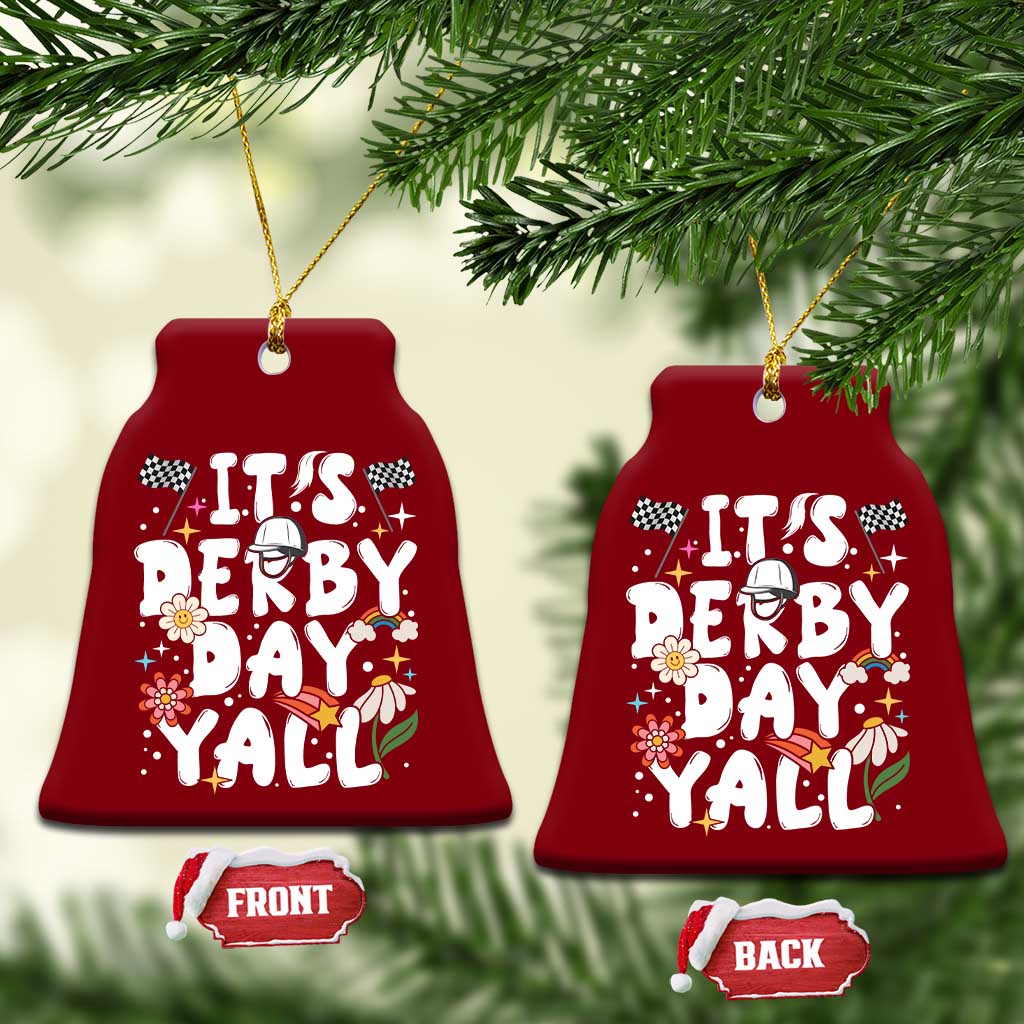 It's Derby Day Y'All Ceramic Ornament Retro Groovy KY Horse Racing TS02 Print Your Wear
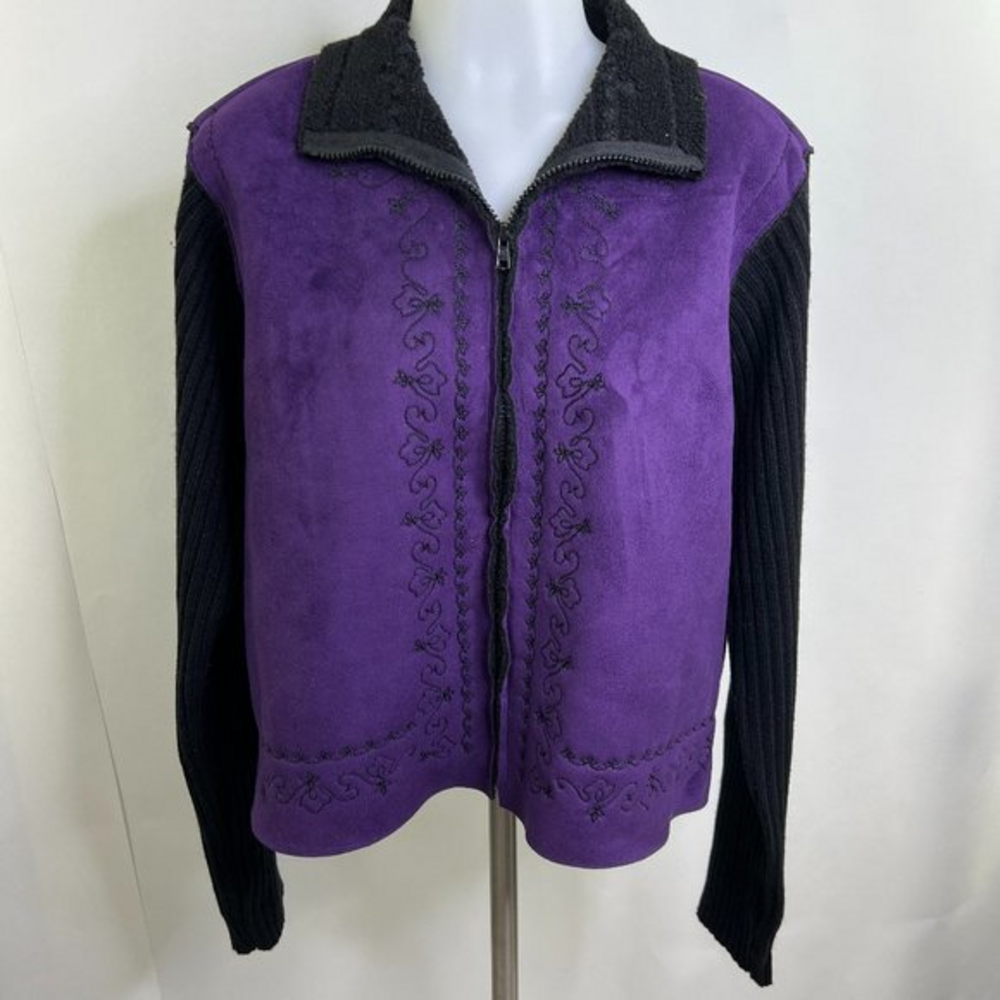 Coldwater Creek Jacket M Purple Faux Suede Embroidered Black Knit Sherpa Look Us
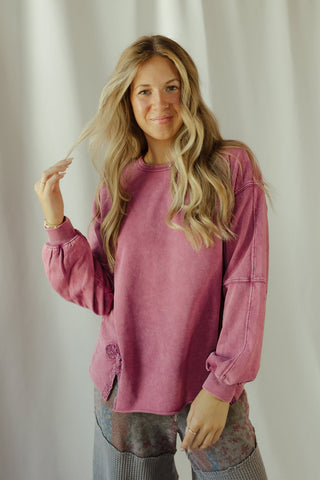 Crochet Bow Sweatshirt, Mulberry - The Red Thread Boutique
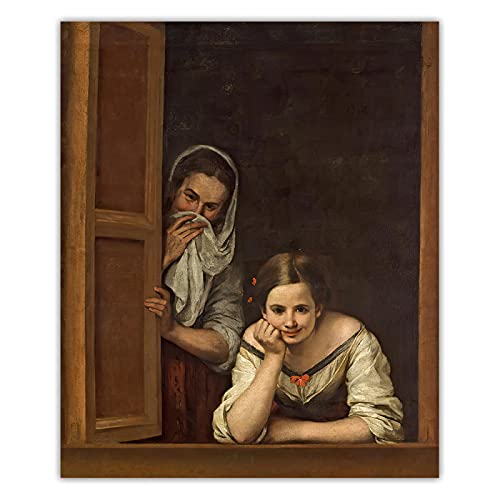 Murillo《Zwei Frauen am Fenster》Leinwandbilder Kunstwerk Poster die Wand Hintergrund Dekorationen Kinderzimmer Dekor Bild 84x70cm rahmenlos von HengYun ART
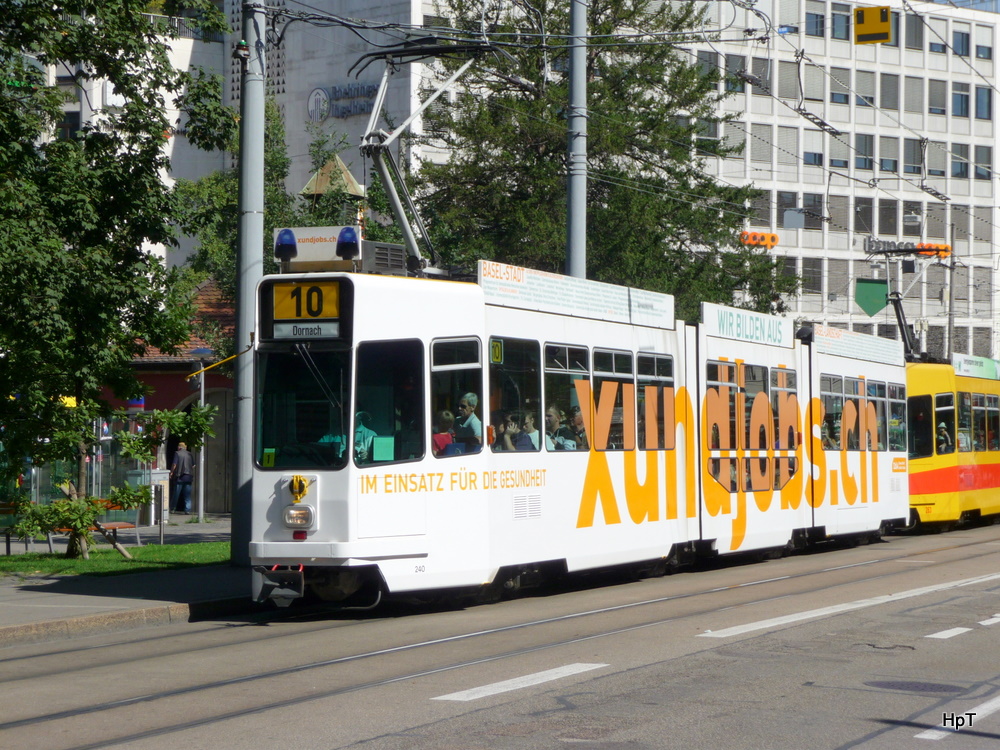 BLT - Tram Be 4/8 240 unterwegs auf der Linie 10 am 12.09.2010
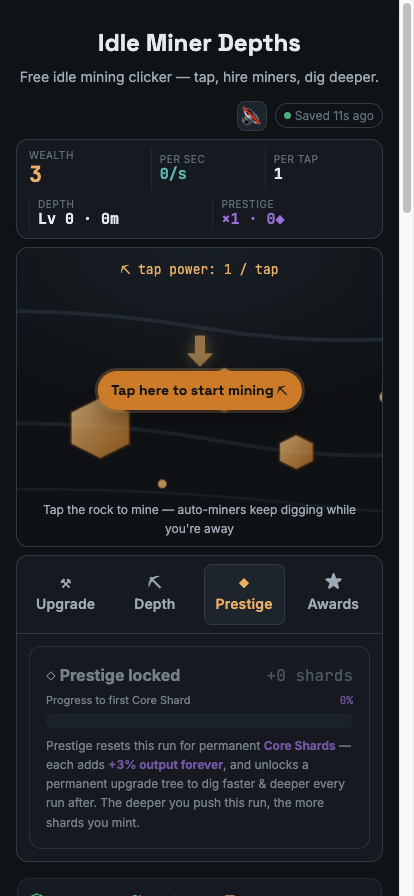Screenshot 5 for Idle Miner Depths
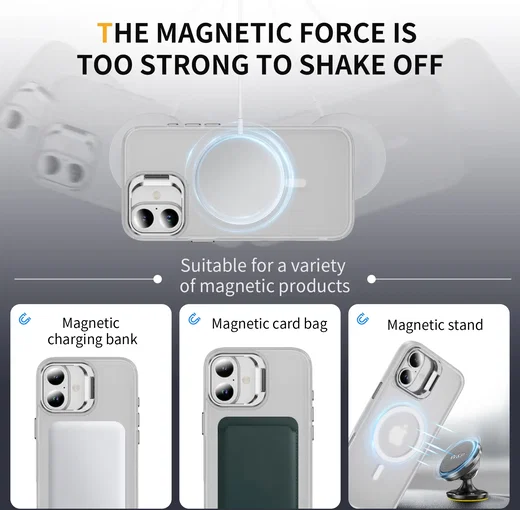 Apple iPhone 16 Plus Hoesje MagSafe Back Cover met Camera Stand Transparant afbeelding 5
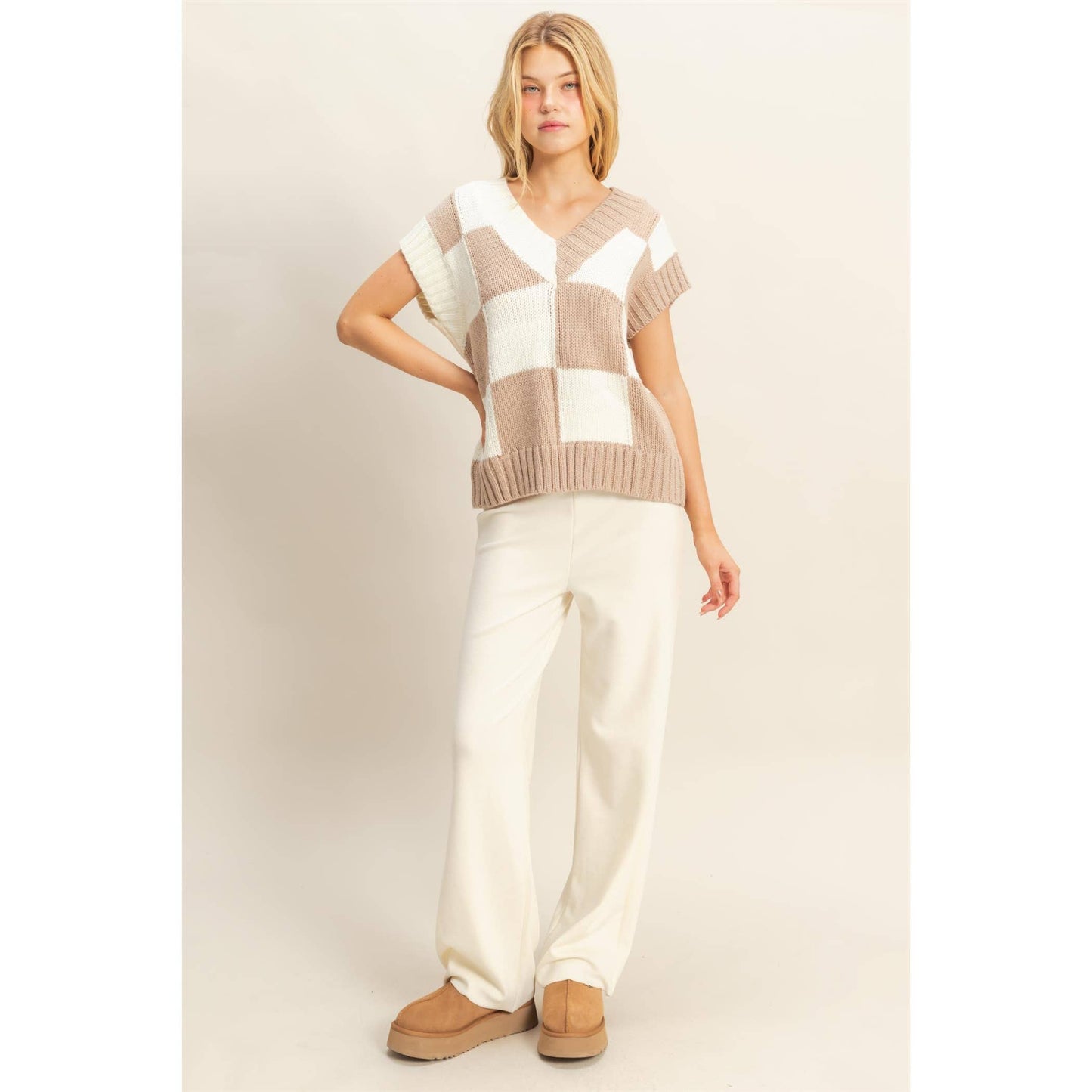 Checkered Sweater Vest: HOT PINK / S-M-L(2-2-2)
○ ○ ○ ○ ○
What this calls for is the material above set down exactly, pictures excluded.

 It's Derby Day Y'All Ceramic Ornament Retro Groovy KY Horse Racing TS02 Print Your Wear
 Coldwater Creek Jacket M Purple Faux Suede Embroidered Black Knit Sherpa Look Us
 Crochet Bow Sweatshirt, Mulberry - The Red Thread Boutique
 Murillo《Zwei Frauen am Fenster》Leinwandbilder Kunstwerk Poster die Wand Hintergrund Dekorationen Kinderzimmer Dekor Bild 84x70cm rahmenlos von HengYun ART
 BLT - Tram Be 4/8 240 unterwegs auf der Linie 10 am 12.09.2010
Screenshot 5 for Idle Miner Depths
 Apple iPhone 16 Plus Hoesje MagSafe Back Cover met Camera Stand Transparant afbeelding 5
 Checkered Sweater Vest: HOT PINK / S-M-L(2-2-2)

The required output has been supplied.